縄文時代から近世にいたる複合遺跡。紀ノ川北岸に位置し、遺跡の範囲は東西二五〇メートル、南北五〇〇メートル前後である。周辺は北から南に向かって緩やかに下降する平野部で、東西には比高差三〇メートル前後の丘陵がある。丘陵上には古墳(群)瓦窯跡が、周辺には奈良時代から中世にかけての寺院跡、中世の館跡および砦跡などが確認されている。

発掘調査は、平成七年(一九九五)・同一四年・同一五年・同一六年の四回実施され、このうち平成一四年以降の調査は、京奈和けいなわ自動車道の建設工事に伴うものである。

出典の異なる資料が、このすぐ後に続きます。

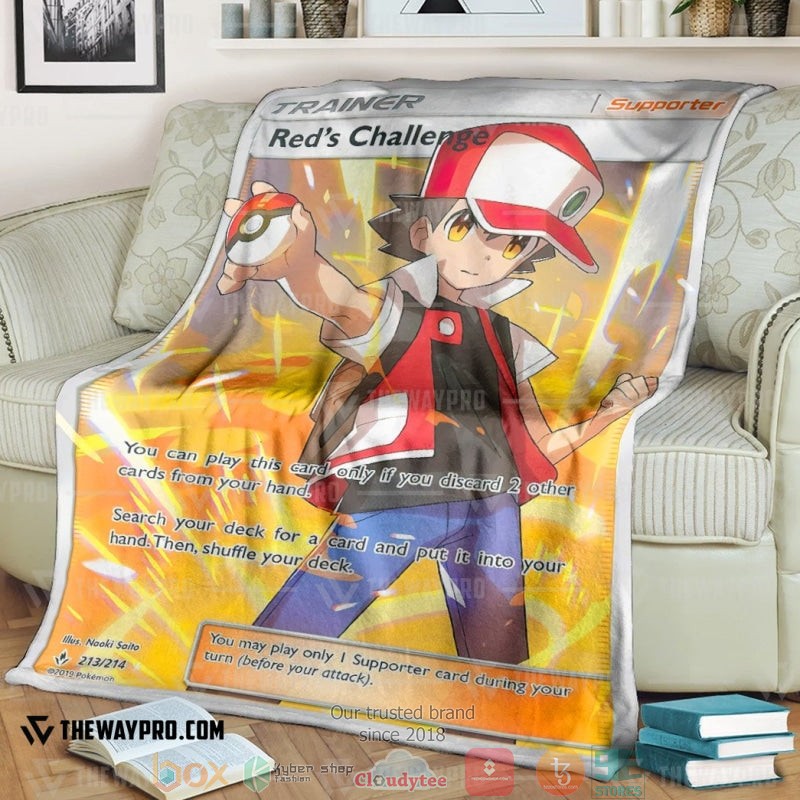 Anime Pokemon Reds Challenge Trainer Soft Blanket Anime Pokemon Reds Challenge Trainer Soft Blanket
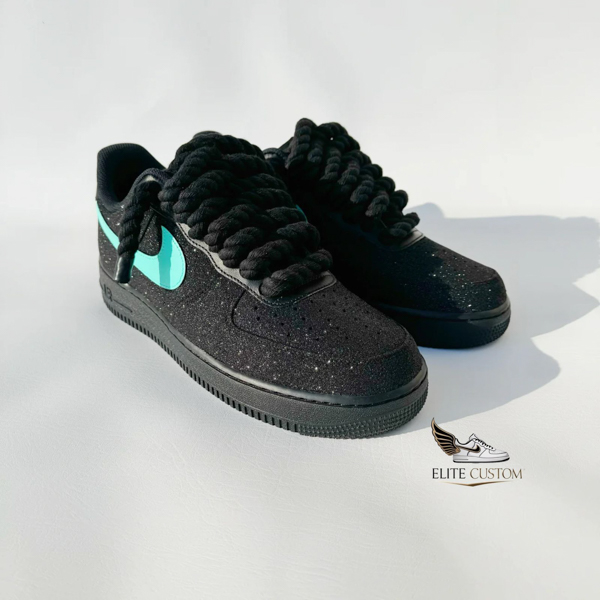 Rope laces Tiffany black galaxy Af1 5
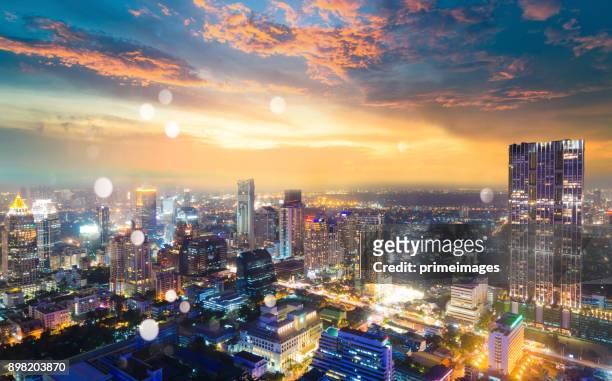 panoramic view cityscape business district from aerial view high building at dusk (bangkok, thailand) - 243 2013 stock pictures, royalty-free photos & images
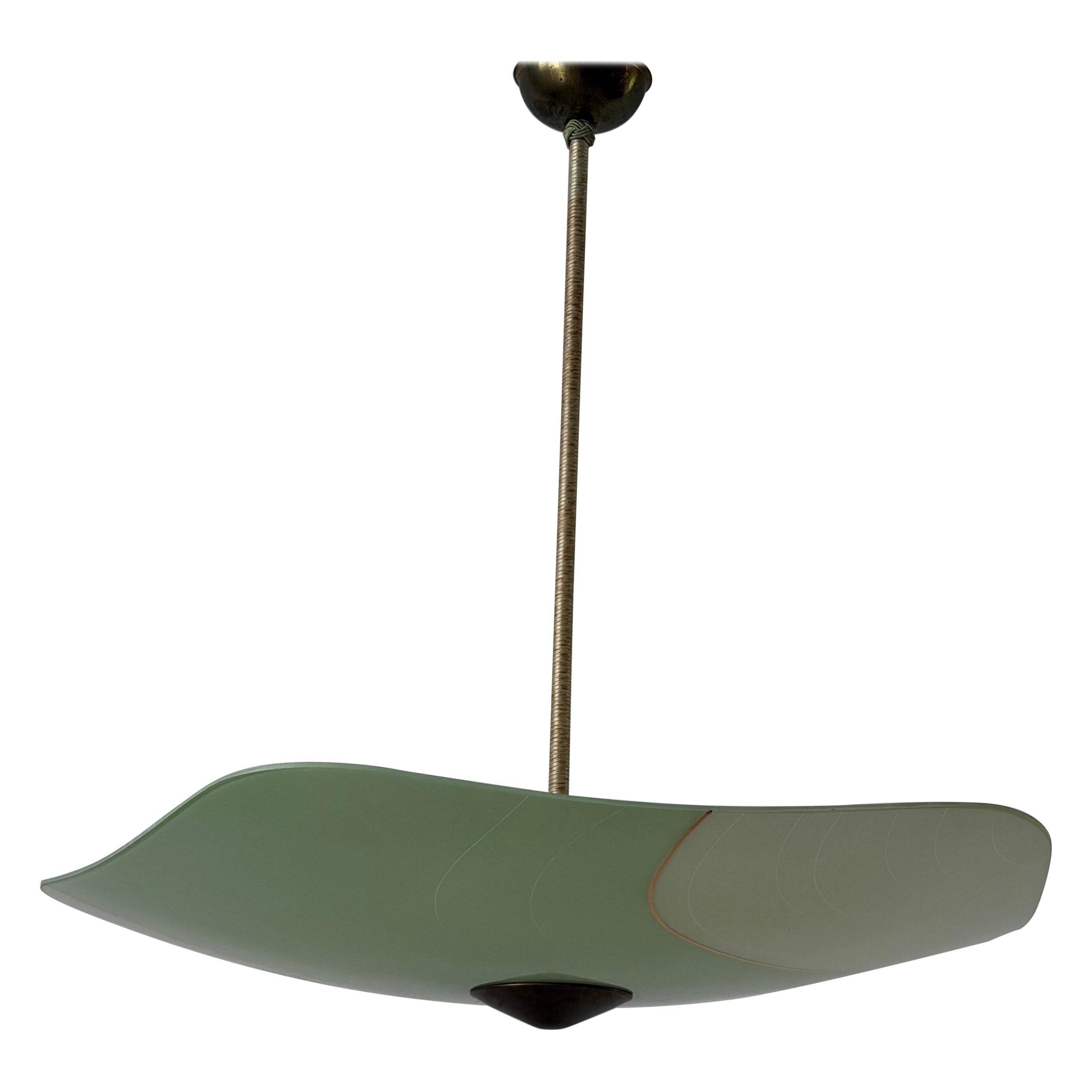 Art Deco pentagonal green glass ceiling light, 1940s, Germany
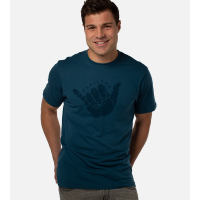 Bamboo Comfort Crew Tee - Shaka - Bermuda Blue - S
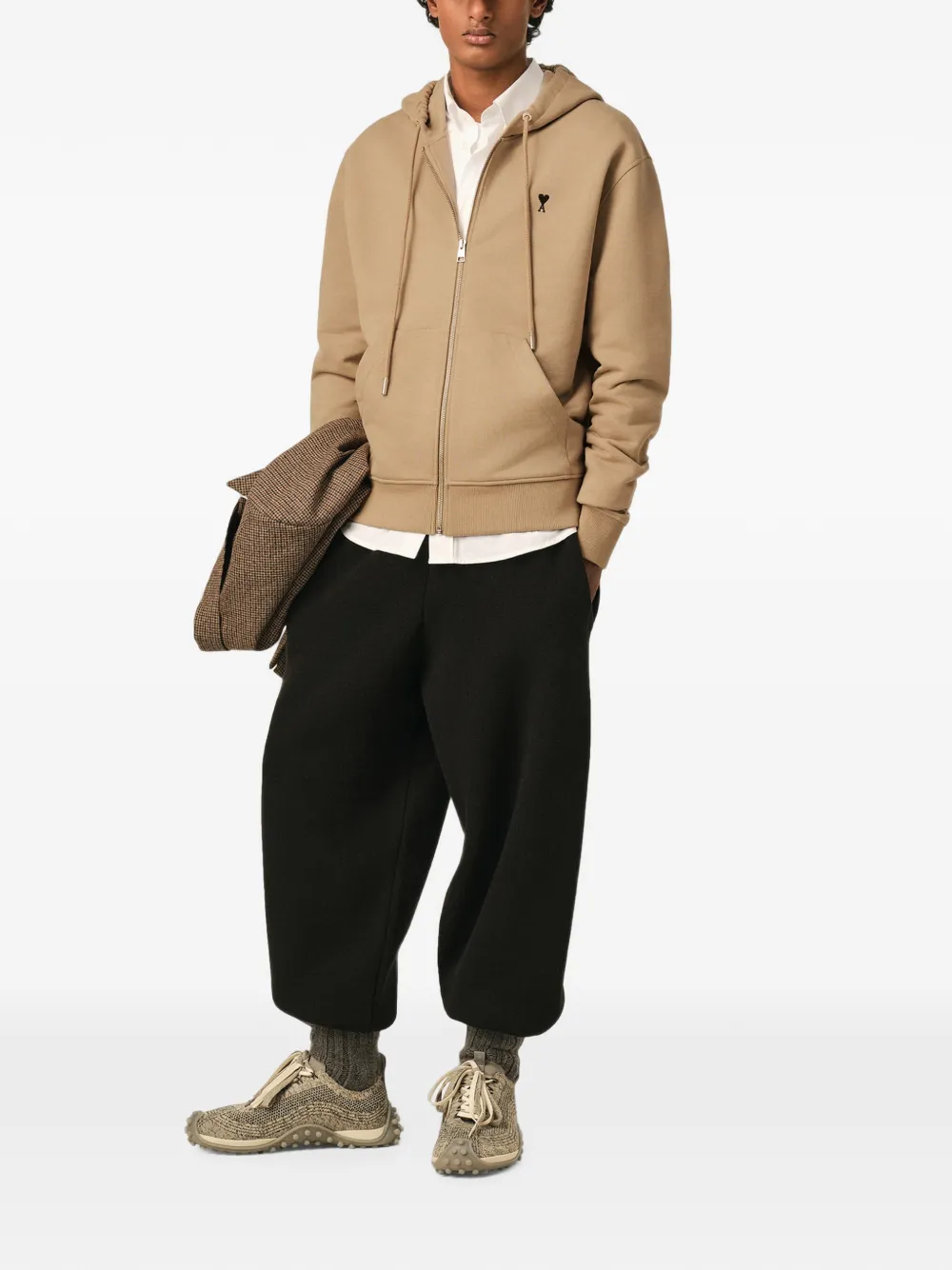AMI Paris Katoenen hoodie met rits en Ami de Coeur Beige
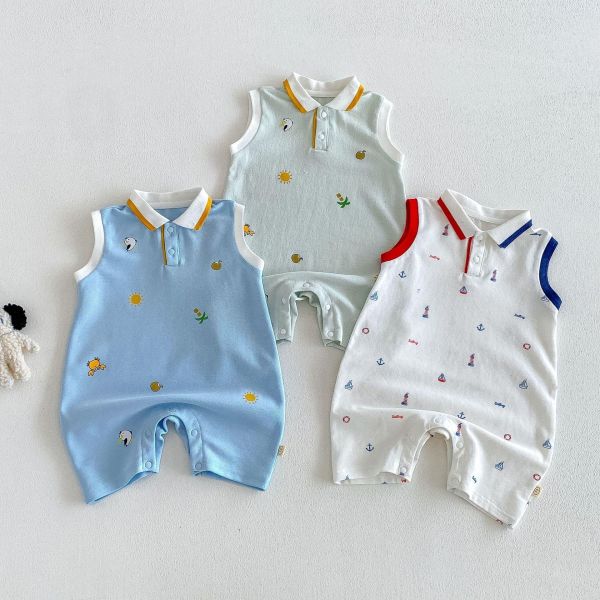 Polo翻領可愛印花雙釦連身裝 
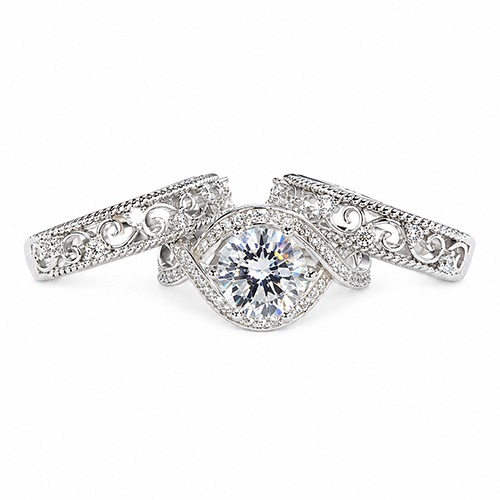Sterling silver Fleur design stack band ring (3 rings) 17mm wide - Image 2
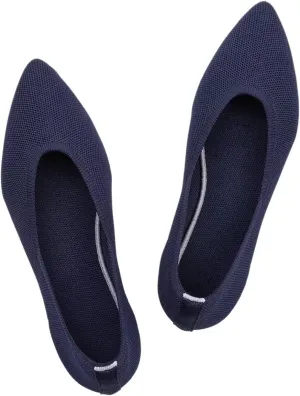 Frank Mully Womens Pointed Toe Flats Knit Dress Shoes Comfort Women Shoes Slip On Shoes for Woman Classic Softable Shoes Low Wedge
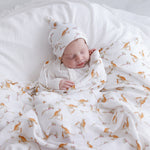 kangaroo and paw muslin wrap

調査で検出された遺構には、弥生時代中期の竪穴住居方形周溝墓古墳時代から飛鳥時代にかけての竪穴住居土壙墓土器墓棺・竪穴式石槨・掘立柱建物、中世の土壙墓・掘立柱建物、近世の土坑などがある。

柏原遺跡
かしはらいせき

[現在地名]高月町柏原

高時たかとき川右岸の自然堤防上に立地。古墳時代後期―平安時代中期の集落跡。七世紀初めから九世紀の竪穴住居跡一〇棟が検出された。当遺跡では、竪穴住居から掘立柱建物への移行が奈良時代までに完了せず平安時代まで残り、畿内よりやや遅れている。この遅れは官衙的性格の強い長浜市の大東おおひがし遺跡や、それに類する余呉よご桜内さくらうち遺跡が奈良時代に掘立柱建物に移行するのに対し、当遺跡が一般の住居であったためと考えられる。

柏原遺跡
かしはらいせき

[現在地名]南区柏原四―六丁目

樋井ひい川上流の標高三〇―八〇メートルの丘陵地帯にある。昭和五四年(一九七九)から同五九年に発掘調査が行われ、旧石器時代、縄文時代―古代、中世の複合遺跡が確認された。縄文草創期―早期の住居や炉跡が多数あり、土器や石器などの出土品も多く、福岡平野を代表する集落遺跡である。草創期末の土器型式柏原式の標式遺跡となった。